On march 19th, 2015 SNB left benchmark interest rates @ -1.25% and -0.5% and -0.75% on deposits, to discourage holding investments in Swiss Franc. The bank believes that the Franc is overvalued and should continue to weaken overtime. The SNB revised down growth in the Swiss economy to 1% from 2%. They believe that a stronger Franc keeps inflation rates at its negative territory levels, which is not good for the economy. The SNB added that it will interfere in the FX market in case things go against the monetary policy.
Federal Reserve Policy?
The Fed is on its wheel to drive interest rates up by this year as Janet Yellen expects. I believe however that a rate rise this year might be too early, and could cause slow down the U.S. economy with fundamental figures showing hick ups that are blamed to be from bad weather conditions in January, the second quarter's data will suggest whether the blame on weather is valid or not.
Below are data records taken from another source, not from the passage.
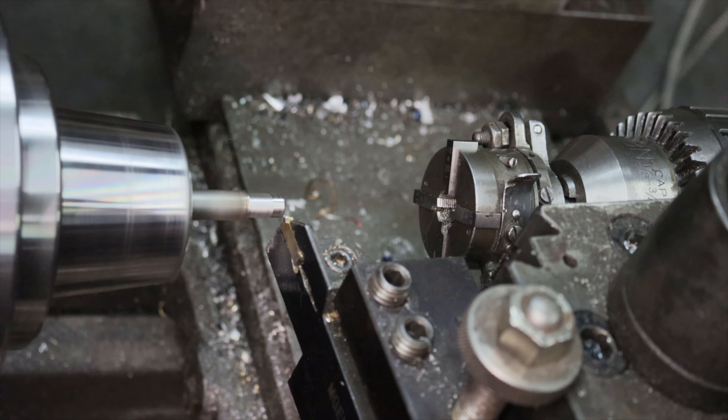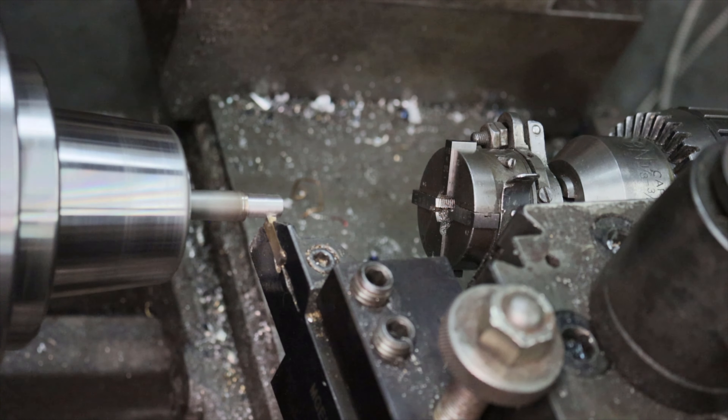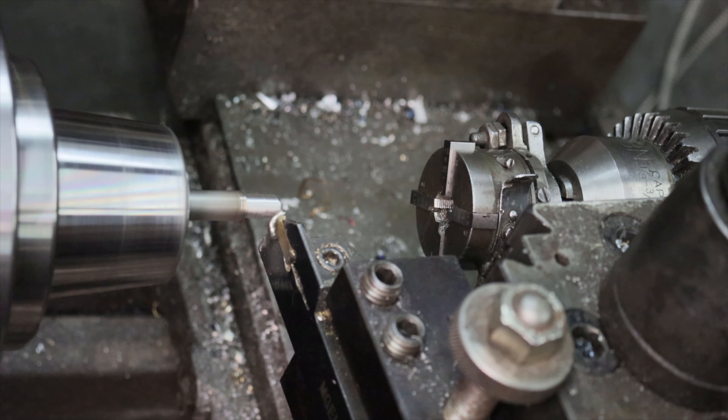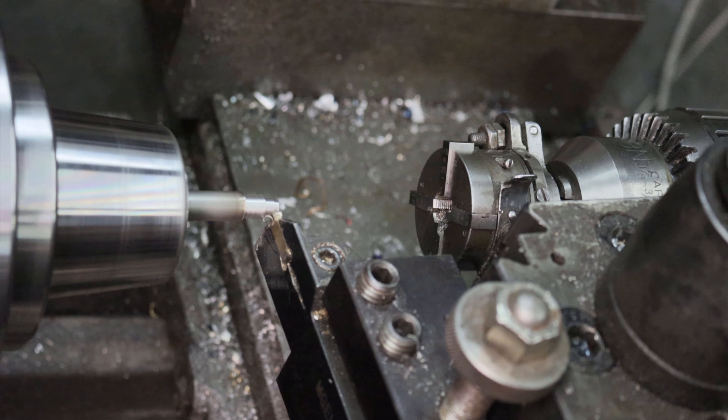For these parts, I'll be starting with a length of 3/8 inch 1018 cold roll steel. The first step is to turn the blank from 3/8 of an inch to 0.3 for the major diameter of the head of the screw.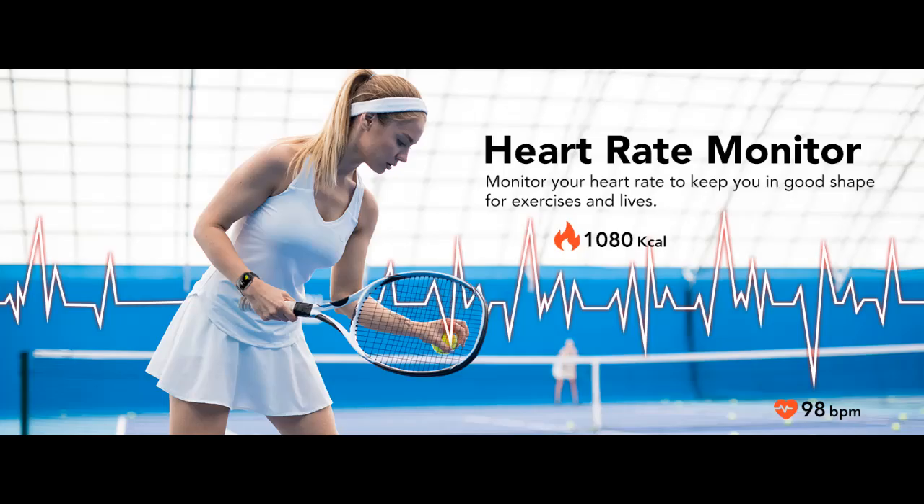In addition, it has practical functions such as weather forecast, brightness adjustment, stopwatch, alarm clock, sedentary reminder, watch search, and so on.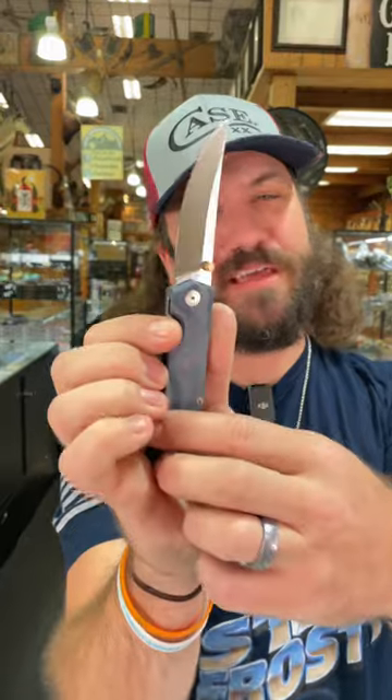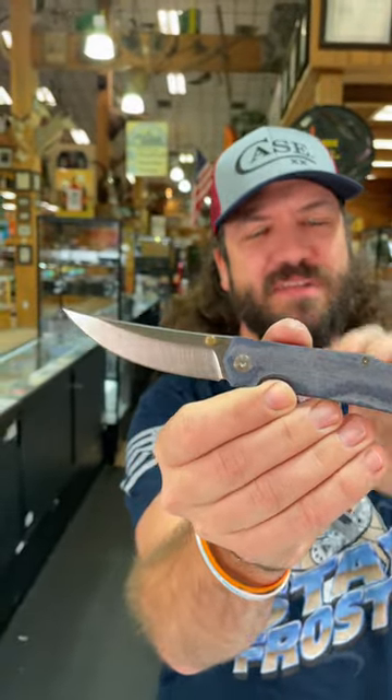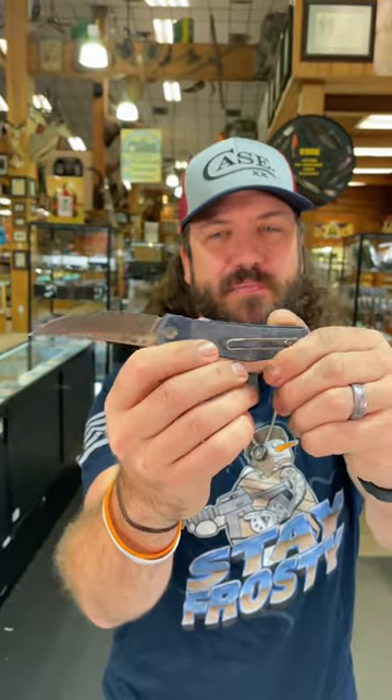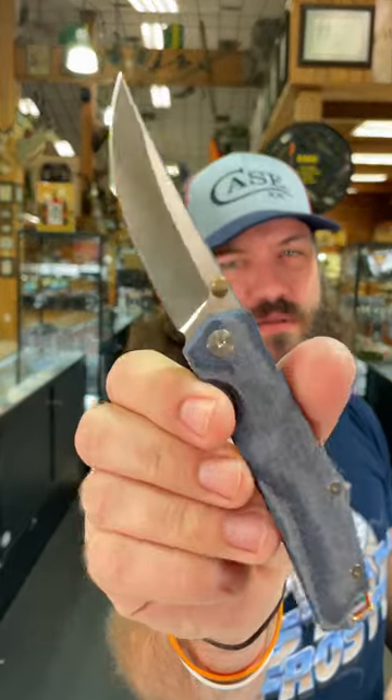We've got that Giant Mouse Ace Clyde — denim micarta handles, beautifully done, brass backspacer, that's CPM 20CV on that three-inch clip point blade, wire pocket clip, liner lock. You can pick these up in our store and on our website smkw.com.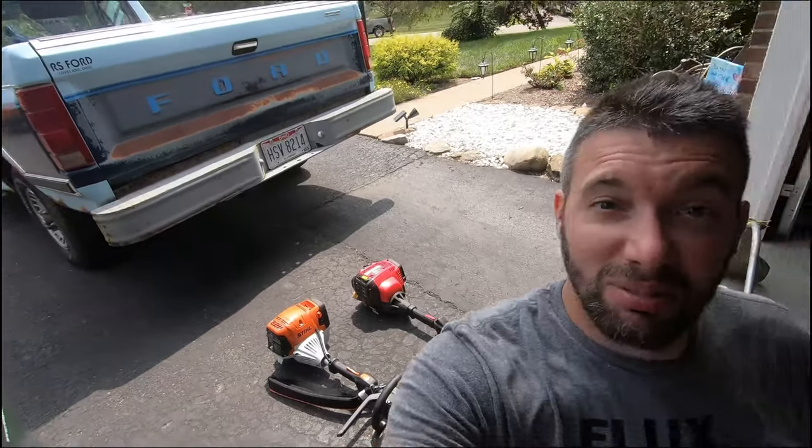What is up YouTube, thanks for coming back for another video. I believe I'm still editing as I'm recording this one, so there might be a couple of videos coming out about the same time. But the previous video to this one, I had major issues with my weed eater — I talked to a guy who was mowing the neighbor's yard across the street, and I think the rest is history.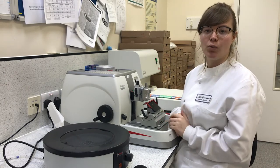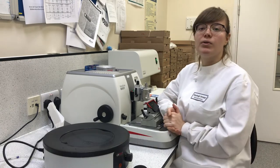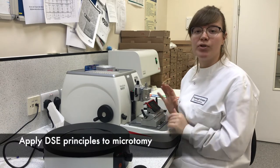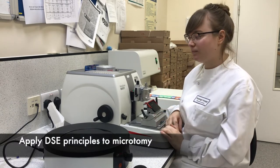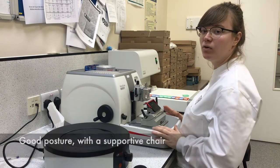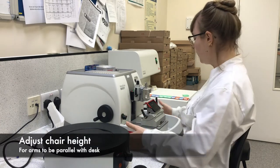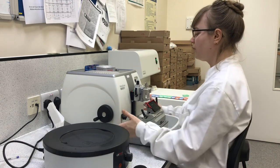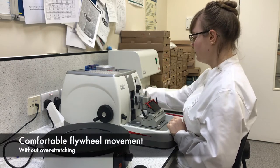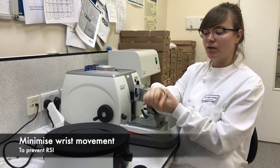Now we're going to talk about how to set up your workstation — this is very important to prevent repetitive strain injury. We apply the same principles as a DSE health and safety assessment at a computer: sit with your back straight, on the correct chair, with your feet on the floor. Make sure your chair is at the right height so your elbows are level with the table, and be directly in front of your microtome. When turning the flywheel, make sure you don't overstretch your arm or make excessive wrist movement.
The first positive indication was the faster than expected US CPI. Even though I don't believe a raise in interest rates might happen this year, the overall trend believes it so we shall follow that or else we will get wiped out if we got stuck on our thoughts.
Divergence
This divergence in monetary policies suggest a great opportunity for us to profit on the long term by buying the USD and shorting the Swiss franc. Regardless of when the Fed will raise interest rates, it is closer to doing that than the SNB. If the Fed rises interest rates, investors will more likely shift from equity markets to money markets which will boost the USD.
Percentage Gains/ Losses
In 2014 the USD CHF offered investors an 11.4% return on Investment. If it was held for the whole year. In 2015 the pair fell by 4% until May. This fall could be a retracement for a higher bound.
Chart
- I personally like to trade price action, on medium term bias.
- The green lines suggest major resistance level, that if cleared could take price to test the succeeding levels.
- Red lines suggest major support levels.
- The trend filter is green and suggesting an uptrend.
-Prices tested the 200 moving average and pinned above it, without a daily candle close. This suggests a downside risk.
- The 0.95282 level is an area of major resistance, if cleared we could test the 0.97, 0.98, 0.99 and finally the 1.00 round level. This would however take place by Q3 of this year.
- Prices also cleared and closed above the 0.38 Fib level.
-I believe that the USD have gained strongly over the course of this week, and it should rest before it could pass the first green resistance line.
TRADE
Target Price: 0.94233
SL: 1.924
TP: I don't set Take profits, as I leave prices to move with the trend, profits are locked in when the upward retracement reaches the 38% fib level.